* Record extracts *
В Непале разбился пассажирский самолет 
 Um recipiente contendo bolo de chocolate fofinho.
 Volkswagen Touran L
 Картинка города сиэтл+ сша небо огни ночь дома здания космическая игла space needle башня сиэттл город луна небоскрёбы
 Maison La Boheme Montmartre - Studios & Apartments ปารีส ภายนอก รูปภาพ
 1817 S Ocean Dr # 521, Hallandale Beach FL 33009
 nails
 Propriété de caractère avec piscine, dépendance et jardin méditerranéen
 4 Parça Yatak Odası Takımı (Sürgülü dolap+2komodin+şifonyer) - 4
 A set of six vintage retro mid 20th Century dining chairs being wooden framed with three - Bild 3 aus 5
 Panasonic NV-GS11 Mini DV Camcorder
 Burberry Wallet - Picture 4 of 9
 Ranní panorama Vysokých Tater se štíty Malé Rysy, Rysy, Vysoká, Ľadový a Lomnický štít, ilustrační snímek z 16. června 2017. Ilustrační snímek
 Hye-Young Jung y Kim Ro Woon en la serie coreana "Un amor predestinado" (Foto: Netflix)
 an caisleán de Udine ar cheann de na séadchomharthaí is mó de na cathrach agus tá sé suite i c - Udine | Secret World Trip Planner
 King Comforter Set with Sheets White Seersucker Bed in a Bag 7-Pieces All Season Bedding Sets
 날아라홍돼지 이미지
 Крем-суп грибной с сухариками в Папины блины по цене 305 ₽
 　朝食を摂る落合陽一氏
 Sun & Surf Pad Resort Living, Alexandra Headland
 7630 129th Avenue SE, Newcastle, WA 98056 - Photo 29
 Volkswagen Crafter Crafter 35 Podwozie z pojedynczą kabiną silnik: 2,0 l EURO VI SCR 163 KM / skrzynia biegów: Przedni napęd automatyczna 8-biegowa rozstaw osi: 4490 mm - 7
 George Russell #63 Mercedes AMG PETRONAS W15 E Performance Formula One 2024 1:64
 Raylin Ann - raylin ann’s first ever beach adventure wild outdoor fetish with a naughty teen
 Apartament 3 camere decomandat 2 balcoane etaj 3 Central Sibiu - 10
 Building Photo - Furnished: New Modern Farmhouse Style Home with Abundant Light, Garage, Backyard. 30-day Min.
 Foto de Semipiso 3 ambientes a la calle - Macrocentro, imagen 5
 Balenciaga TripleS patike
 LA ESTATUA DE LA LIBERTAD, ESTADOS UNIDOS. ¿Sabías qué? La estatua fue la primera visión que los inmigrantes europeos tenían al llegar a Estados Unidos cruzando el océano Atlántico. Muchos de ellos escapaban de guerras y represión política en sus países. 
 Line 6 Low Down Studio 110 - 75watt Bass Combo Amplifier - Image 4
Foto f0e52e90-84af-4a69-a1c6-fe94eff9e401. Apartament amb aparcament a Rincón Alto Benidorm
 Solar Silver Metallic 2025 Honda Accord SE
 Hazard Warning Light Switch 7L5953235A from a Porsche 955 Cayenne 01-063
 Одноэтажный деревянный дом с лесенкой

* Assignment *
Please transcribe the material line by line, exactly, from its opening line through the line that contains "4 Parça Yatak".

* Written answer *
В Непале разбился пассажирский самолет 
 Um recipiente contendo bolo de chocolate fofinho.
 Volkswagen Touran L
 Картинка города сиэтл+ сша небо огни ночь дома здания космическая игла space needle башня сиэттл город луна небоскрёбы
 Maison La Boheme Montmartre - Studios & Apartments ปารีส ภายนอก รูปภาพ
 1817 S Ocean Dr # 521, Hallandale Beach FL 33009
 nails
 Propriété de caractère avec piscine, dépendance et jardin méditerranéen
 4 Parça Yatak Odası Takımı (Sürgülü dolap+2komodin+şifonyer) - 4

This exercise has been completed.